**Task description**
Transcribe the full listing exactly, and drop every picture.

*** Data section Section Begins ***

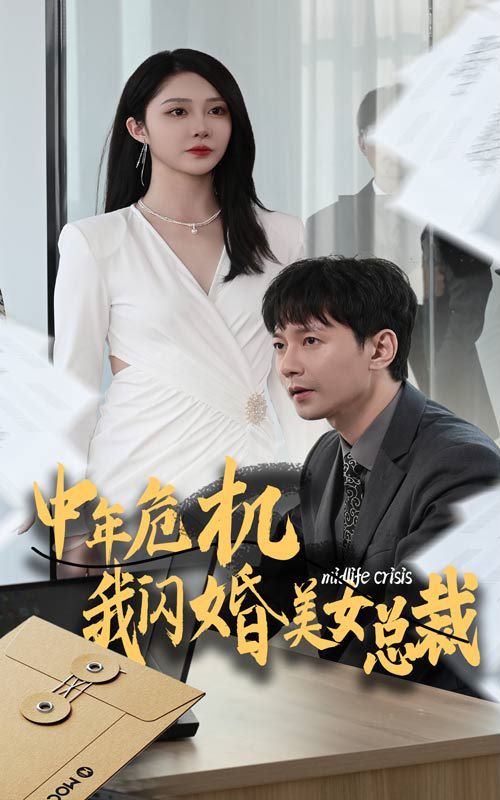 中年危机我闪婚美女总裁第1-20集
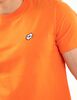 Polera Deportiva Algodón Hombre Lotto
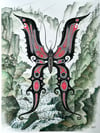 Eternal Butterfly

*** Data section Section Ends ***

**Written solution**
 中年危机我闪婚美女总裁第1-20集
 Polera Deportiva Algodón Hombre Lotto
 Eternal Butterfly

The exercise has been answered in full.